La PrEP pâtit de l'épidémie de coronavirus. La délivrance du traitement préventif contre le VIH est en diminution de 36% par rapport aux attentes. Le secteur associatif peine à mobiliser.

Les répercussions de la crise sanitaire sont innombrables. Depuis le début de l'épidémie de Covid-19, on constate une forte baisse de délivrances de PrEP : elles sont en baisse de 36% par rapport aux projections fixés selon un communiqué de l'APM. Et la lutte contre le VIH peine à sortir du confinement... La situation n'est pas encore alarmante, mais elle pourrait rapidement le devenir.

Fin mars toutes, 3.000 traitements étaient prescrits contre 5.500 avant le confinement. Après le confinement, soit entre le 11 mai et le 13 septembre, on constate d'une baisse de 19% des délivrances de PrEP par rapport à ce qui était attendu.

Cela représente un déficit de 27 435 délivrances de PrEP par rapport à ce qui était escompté. Du temps perdu dans la lutte contre le VIH. Car les nouveaux PrePeurs étaient, avant le confinement, en hausse de 32% par rapport à aux chiffres observés en 2019. Mais une chute de 47% par rapport à 2019 a été constatée pendant le confinement.

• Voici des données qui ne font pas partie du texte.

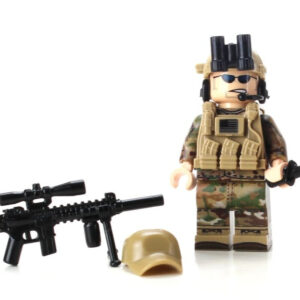 Army Special Forces Sniper OCP - Custom Military Minifig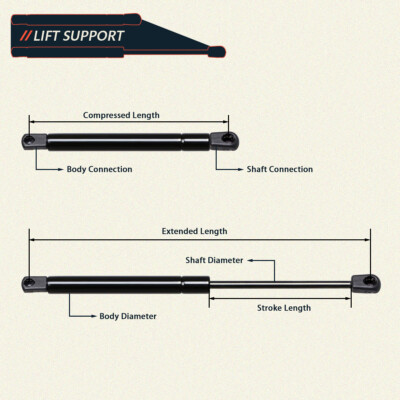 Lincoln Mkz Liftgate Lift Support Lincoln Mkz Liftgate Lift Support
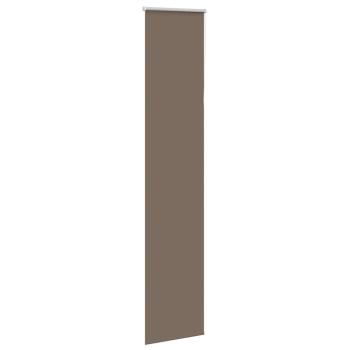 Verdunkelungsrollo Kaffeebraun 40x230 cm Stoffbreite 35,7 cm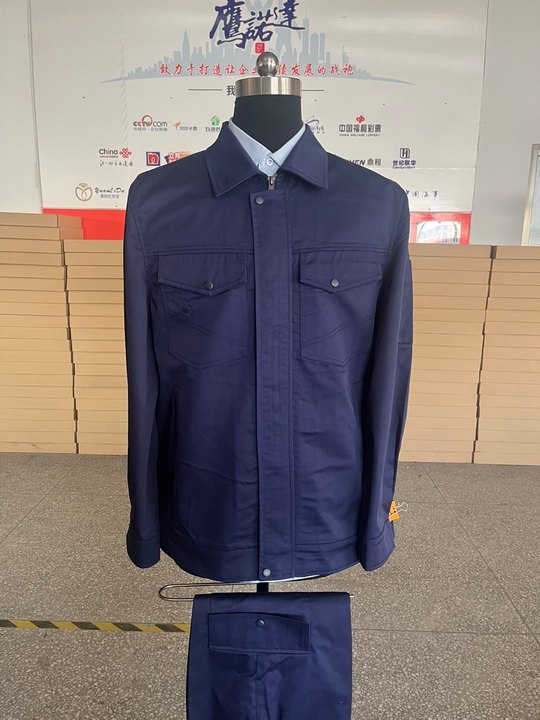乐虞品牌短袖长袖工作服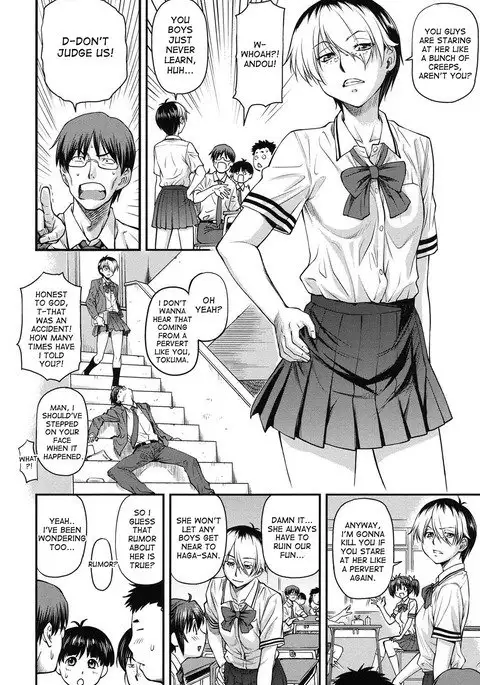 Kanyou Shoujo chapters 2-3 + end of Tank bonus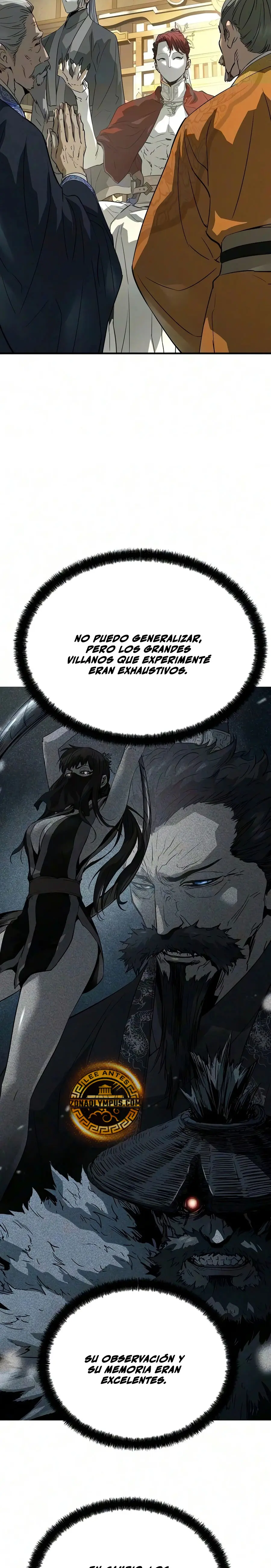 Regresión absoluta Capitulo 109 página 24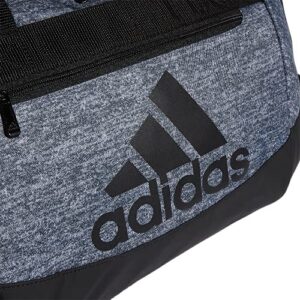 adidas Defender 4 Small Duffel Bag, Jersey Onix Grey/Black, One Size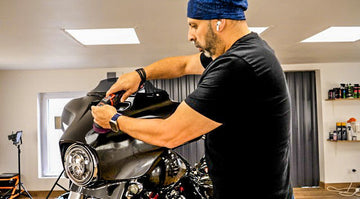 Motorcycle specific ceramic coatings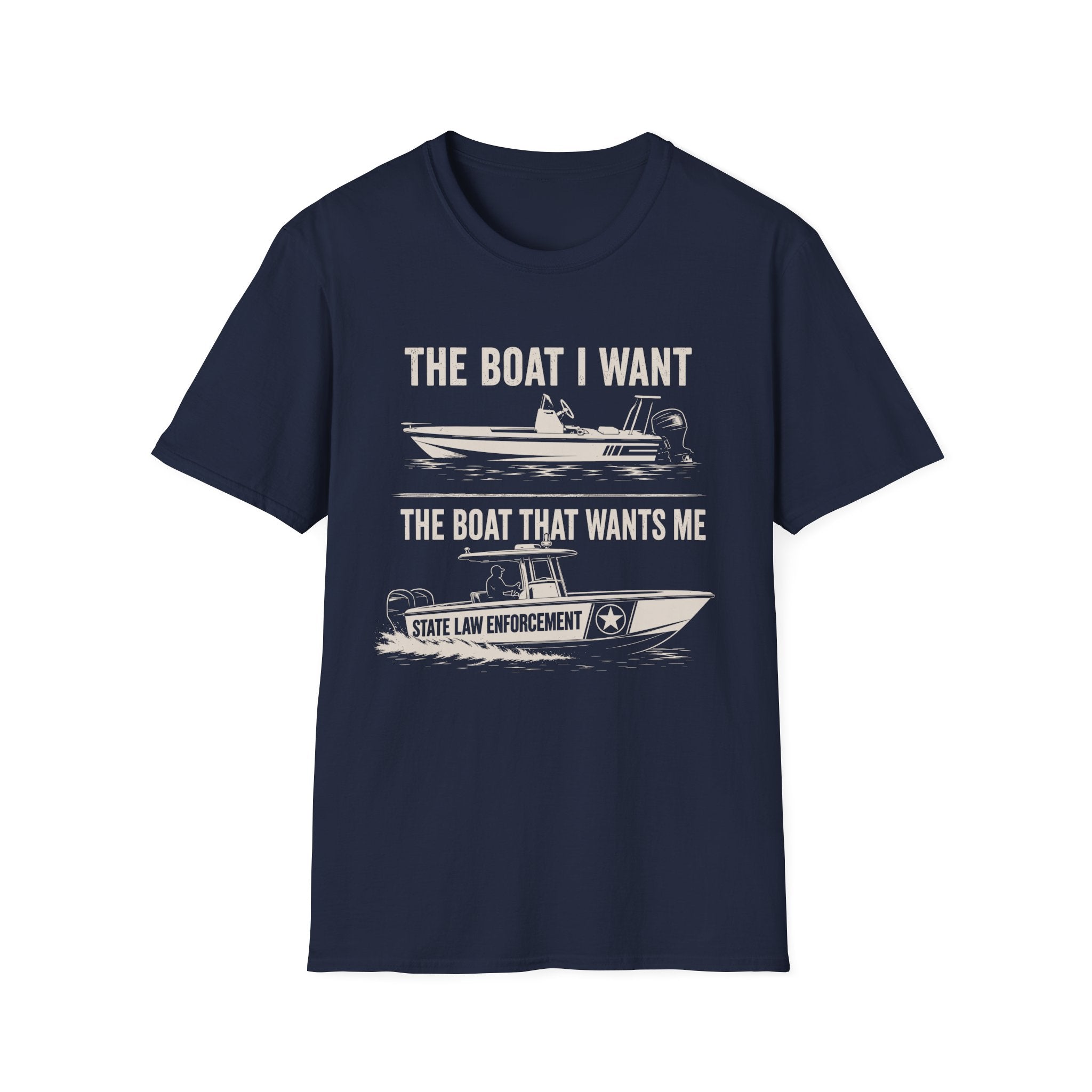Wrong Boat  T-Shirt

Baisse de l'activité des CeGIDD

Une partie de cette diminution s'explique par la reconduction automatique des ordonnances pendant le confinement. Mais on remarque également une forte baisse des demandes de prescriptions. Plusieurs raisons expliquent ces chiffres. Selon les assos, de nombreuses personnes ont repoussé leur passage à l'hôpital de peur d'être contaminé par le virus. D'autant que les prises de rendez-vous n'étaient pas considérées comme prioritaires. "Les infectiologues ont été particulièrement mobilisés sur le Covid-19. En parallèle, on a pu voir une baisse importante de l'activité des CeGIDD (les centres d'information, de diagnostic et de dépistages gratuits, ndlr)", indique Aurélien Beaucamp, président de Aides.

Le plus souvent, c'est lors de ces dépistages que les médecins peuvent informer sur la PrEP. Certes, depuis le déconfinement, l'activité a repris, mais les horaires d'ouverture restent bien souvent restreints. "C'est compliqué d'aller se faire dépister après le travail. Or, tester le plus grand nombre, ça fonctionne pour faire baisser les nouvelles contaminations", insiste le président de l'association.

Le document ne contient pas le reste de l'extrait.